Il y a quelques années, ce dispositif aurait pu être au coeur d'un épisode conceptuel d'X-Files, avec qui Monolith partage quelques points communs. Dans sa manière de naviguer entre thriller et science-fiction déjà. Et la co-scénariste cite The Arrival avec Charlie Sheen en radioastronome convaincu de la preuve d'une existence extra-terrestre.
Malgré une petite baisse de rythme à mi-parcours, fréquente lorsque l'on s'impose un cadre aussi strict et minimaliste, Monolith parvient néanmoins à trouver sa propre identité, en écho au cheminement intérieur de son héroïne. Surtout dans son dernier tiers, qui rajoute un peu de frissons à l'ensemble, et lie passé et présent autour de la question de la vérité. Evidemment très actuelle, dans l'ère des fake news.
"Un tour de montagnes russes, un thriller science-fiction prêt à divertir, et bousculer le spectateur"
"Notre conception de la vérité est qu’elle est immuable", dit le réalisateur australien Matthew Vesely, dont c'est le premier long métrage, dans la note d'intention. "Elle ne laisse aucune place à l’interprétation, à l’incompréhension ou à la manipulation. Mais avec les progrès technologiques, avec le développement exponentiel des communicants à travers le monde, la vérité est devenue de plus en plus malléable, de plus en plus impermanente."

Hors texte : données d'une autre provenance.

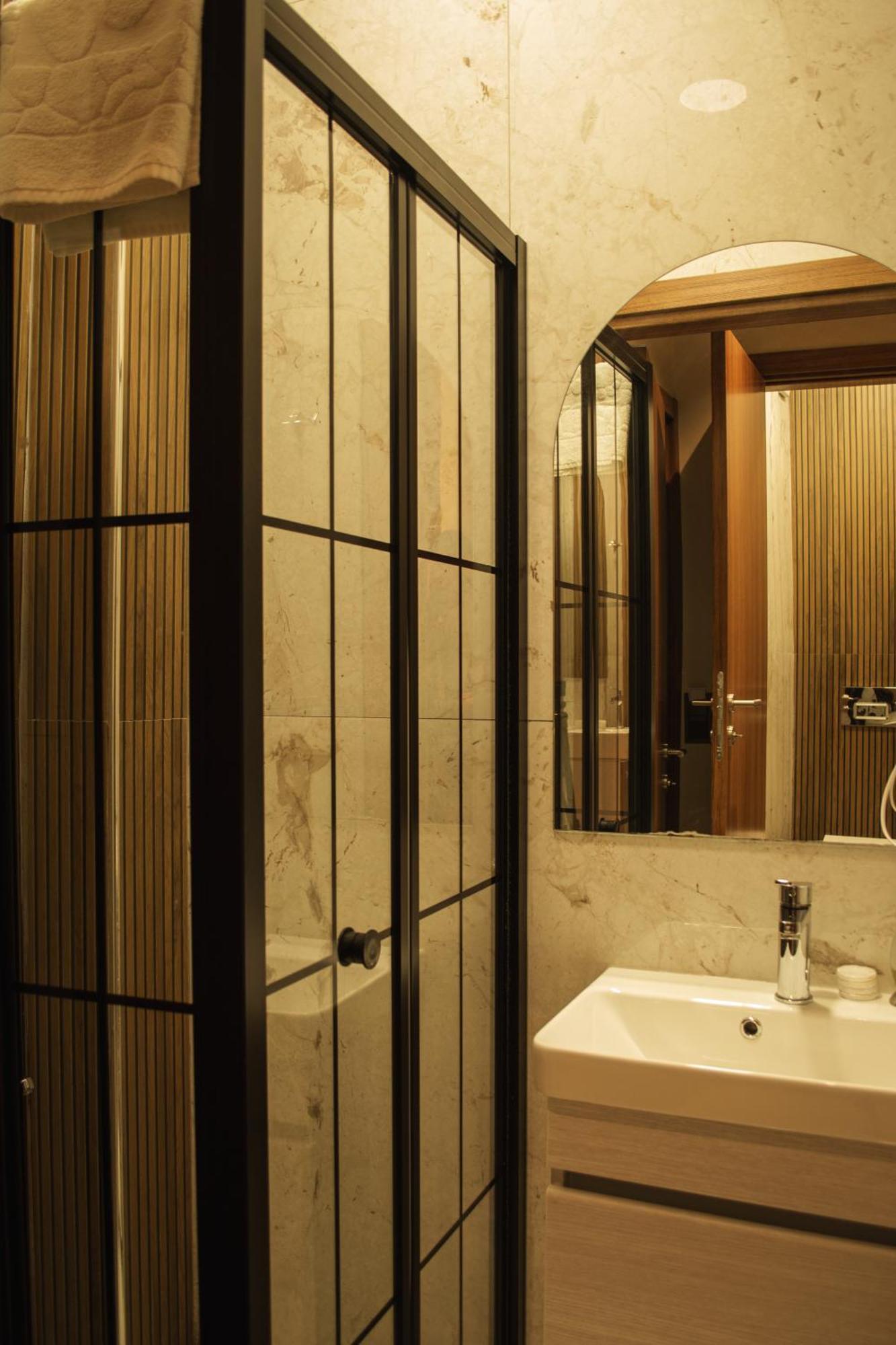 Galata Calm Tale Hotel อิสตันบูล ภายนอก รูปภาพ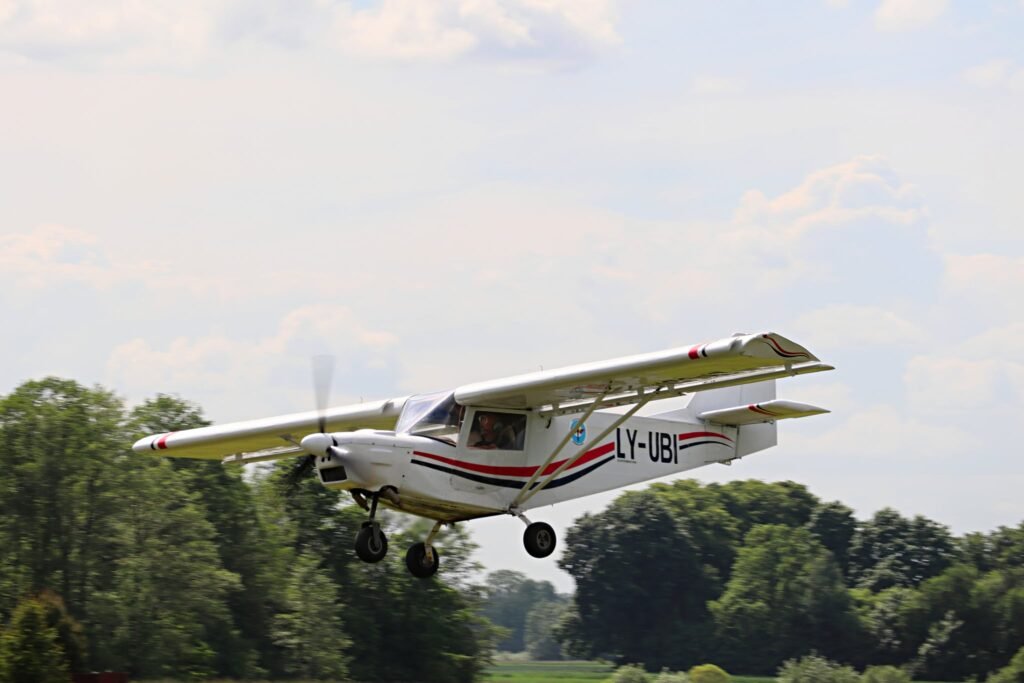 marizone.lt Marijampolės aeroklubas. Skydiving, &scaron;uoliai para&scaron;iutu 2021 metai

"L’histoire est écrite par les vainqueurs, et la vérité est écrite par les puissants. Ceux qui peuvent contrôler le récit, contrôlent le monde. Les puissants déformeront ou même falsifieront la vérité plutôt que de renoncer à leur pouvoir (...) Je souhaitais exprimer mon récit dans un style palpitant, terrifiant et captivant. C’est un tour de montagnes russes, un thriller science-fiction prêt à divertir, et bousculer le spectateur." Au moins vous êtes prévenus quant à ce film qui allie le fond et la forme.